◆ Directions
Reproduce word for word, from the entries below, the line with "PFW - Off White", the line with "Le Berthollet 9", and every line between them, and nothing more.

◆ Dataset records
________________________________________
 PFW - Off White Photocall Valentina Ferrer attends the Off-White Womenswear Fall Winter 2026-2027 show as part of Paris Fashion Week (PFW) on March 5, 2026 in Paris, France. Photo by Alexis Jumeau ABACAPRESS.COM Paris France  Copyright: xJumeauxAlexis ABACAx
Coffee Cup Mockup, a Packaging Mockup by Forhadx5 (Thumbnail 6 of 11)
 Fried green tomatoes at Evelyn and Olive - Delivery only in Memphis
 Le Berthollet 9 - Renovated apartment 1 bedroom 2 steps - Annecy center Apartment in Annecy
________________________________________
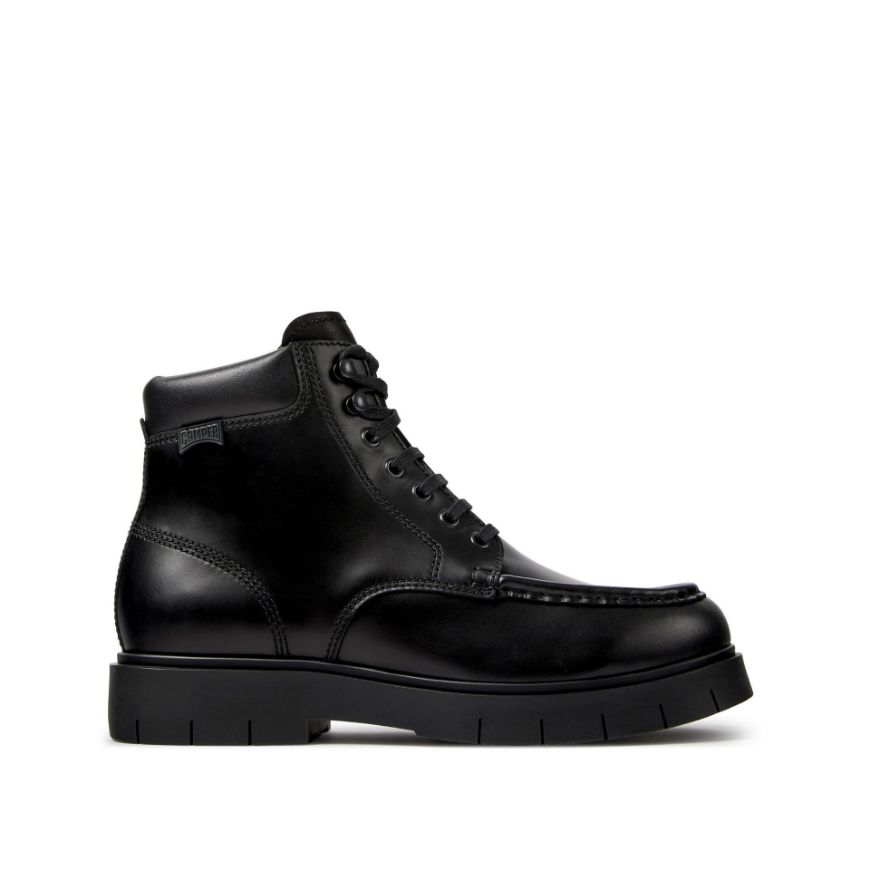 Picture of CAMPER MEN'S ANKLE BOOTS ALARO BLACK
________________________________________
◆ Answer to the exercise
 PFW - Off White Photocall Valentina Ferrer attends the Off-White Womenswear Fall Winter 2026-2027 show as part of Paris Fashion Week (PFW) on March 5, 2026 in Paris, France. Photo by Alexis Jumeau ABACAPRESS.COM Paris France  Copyright: xJumeauxAlexis ABACAx
Coffee Cup Mockup, a Packaging Mockup by Forhadx5 (Thumbnail 6 of 11)
 Fried green tomatoes at Evelyn and Olive - Delivery only in Memphis
 Le Berthollet 9 - Renovated apartment 1 bedroom 2 steps - Annecy center Apartment in Annecy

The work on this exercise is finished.